Opinion: Tanzanian kids face a bleak future under lockdown
May 12, 2020Education is widely perceived as a stepping stone to Tanzania's goal of catching up with the 'advanced world' and building a middle class.
As the the COVID-19 pandemic prevents people from moving about freely, cutting off physical contacts, new ways of learning and educating young people in isolation have become a central issue.
No access
The shutdown of schools has led to a new reliance on modern technology for virtual learning, shutting out thousands of poorer pupils from online lessons. Radios are considered unfashionable and many families cannot afford to buy a computer or a television for their children's education.
Digital life
Many Tanzanians watch radio and TV broadcasts on their cellphones. Those children who own phones usually have low-budget models that don't support the apps they need for their education programs. The government, which used to provide radios to communities, stopped doing so many years ago.

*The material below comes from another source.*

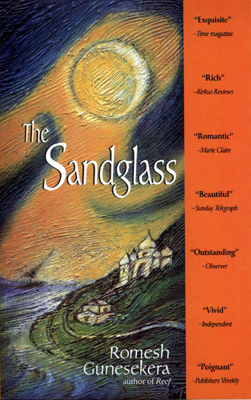 The Sandglass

A mobile phones is therefore the most likely platform for a learner under lockdown during the COVID-19 crisis.
How to cope with sudden change
For students, communication is crucial for success because it ensures guidance and supervision by teachers. But can the youth cope with the sudden change of routine?
Keeping up-to-date with virtual video lessons is often an issue because not everybody has access to a constant electricity supply. Even those homes and institutions with power suffer from frequent outages.
Students with the necessary technology — and the means to power it — are willing and able to forge ahead in pursuit of their education.
Opportunities arise from the crisis
The COVID-19 crisis also provides many teachers with an unexpected opportunity to incorporate information and communication technologies into virtual lessons. If teachers fail to add to their skillsets, they are likely to add to the growing list of roblems posed by the pandemic.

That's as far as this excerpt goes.